The U.S. also rated only 1.5 out of 5 stars overall when evaluated on these aspects: percentage of women CEOs, female senior managers and women on corporate boards.
“If women entrepreneurs were starting growth-oriented businesses at the same rate as men in the U.S., we could potentially have 15 million more jobs in the next two years,” said Dr. Ruta Aidis, project director of Dell’s Global Women Entrepreneur Leaders Scorecard.
The report ranked and rated 31 developed and developing economies on business and gender-specific issues, and how they impact the growth of “high potential” businesswomen.
Those women entrepreneurs aren’t just starting a business for themselves but also are adding jobs, expanding into new markets and even looking for export opportunities, said Aidis.
The annual scorecard offers an analysis of challenges and opportunities for women business-owners to launch, scale, create jobs and disrupt industries. “[The] scorecard is also critical to understanding what actions are needed to drive change,” said Aidis.
It specifically evaluated the countries across five key categories: business environments, access to resources, leadership and rights, pipeline for female entrepreneurship and potential for high-growth women-owned businesses.

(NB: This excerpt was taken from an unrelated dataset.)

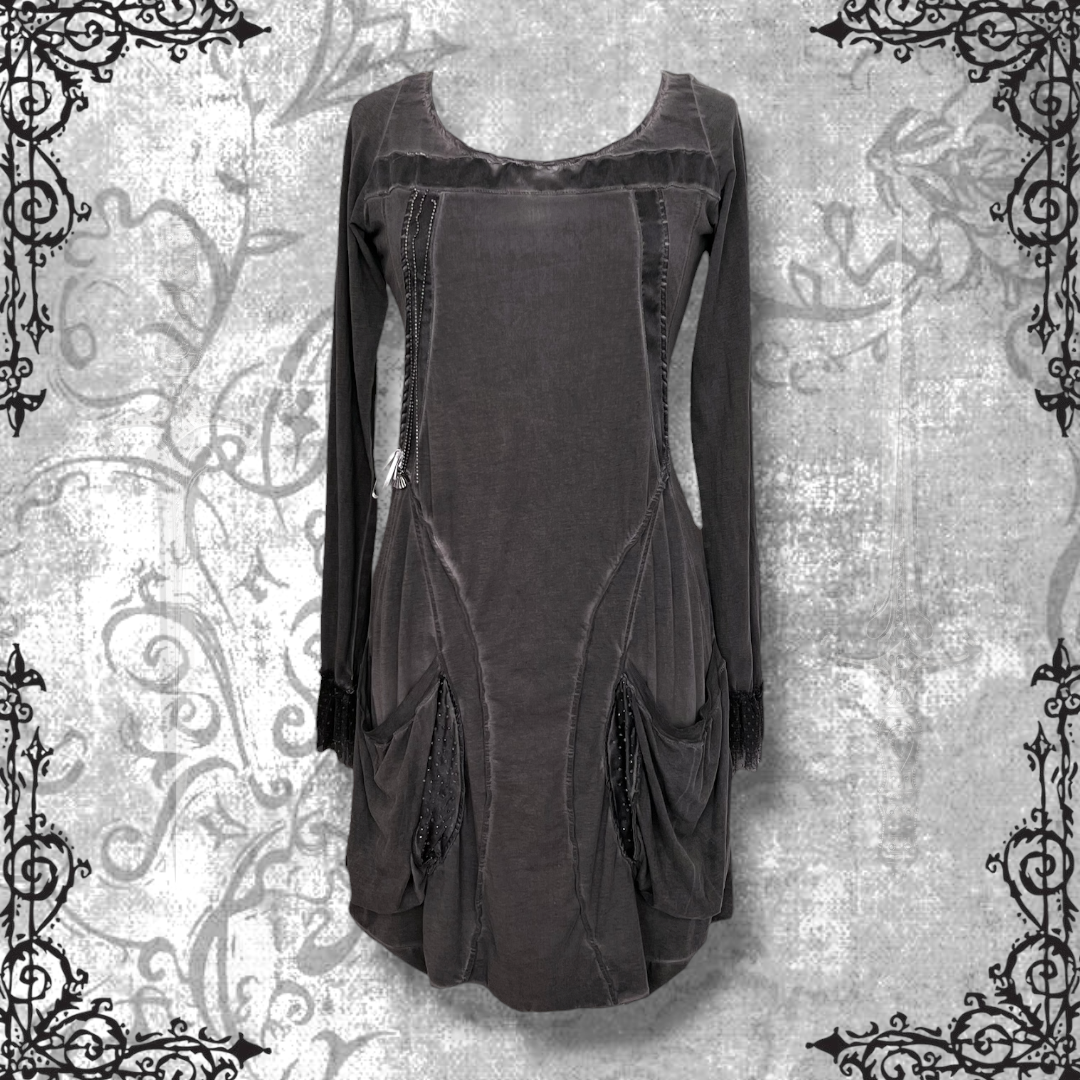 00’s Knight/Medieval style grey dress with bead details & pockets 🗡️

Overall, the study found more than 70% of the 31 countries surveyed scored below 50% meet the basic conditions necessary for women entrepreneurs to prosper.
In all 31 countries, women are significantly less likely to know an entrepreneur. This impacts their inclination to start a business, the report found.
France, Germany, Poland, Chile and Japan were the other nations in the top 10.
At the bottom of the ranking were Tunisia, Egypt, India, Pakistan and Bangladesh.